U.N. peacekeepers opened fire Monday on protesters, killing at least one and wounding four, witnesses said. Flaming roadblocks paralyzed Port-au-Prince, and protesters stormed into a hotel where election officials have been announcing results of presidential elections.

Associated Press journalists saw the body of a man in the street in the Tabarre neighborhood, a T-shirt bearing the image of popular candidate Rene Preval soaked in blood. Witnesses said Jordanian U.N. peacekeepers opened fire on them, killing two and wounding four. The body of the second victim was not at the scene.

"We were peacefully protesting when the U.N. started shooting. There were a lot of shots. Everybody ran," said Walrick Michel, 22, one of the pro-Preval protesters. In a phone interview, U.N. spokesman David Wimhurst denied that peacekeepers opened fire.

In the hills above Port-au-Prince, in Petionville, hundreds of screaming protesters stormed into the upscale Montana Hotel, where election officials have announced results of Tuesday's elections. Protesters have alleged the electoral commission is manipulating the vote count to prevent Preval from winning a first-round victory in this battered and impoverished Caribbean nation.

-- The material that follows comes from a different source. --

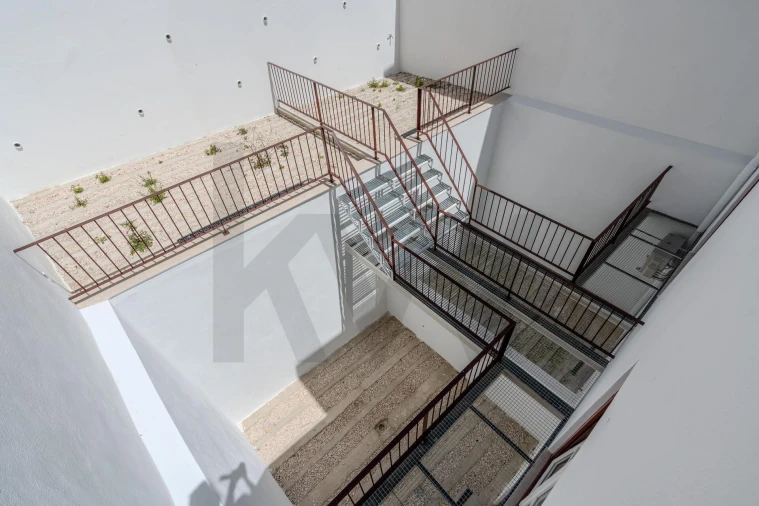 Apartamento T2 para Venda em Santo António Foto 29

Helicopters landed on the roof to evacuate people, including Nobel Peace Prize laureate Desmond Tutu. At church services Sunday, South African had appealed for calm as election results trickled in. No violence was reported at the hotel.

Preval supporters erected roadblocks throughout Port-au-Prince, paralyzing the capital, to demand that he be declared the winner of Haiti's elections — even as results showed his lead slipping further below the 50 percent needed to avoid a runoff.

Some barricades made of old tires were set ablaze, sending plumes of acrid black smoke into the sky. Protesters let only journalists and Red Cross vehicles pass.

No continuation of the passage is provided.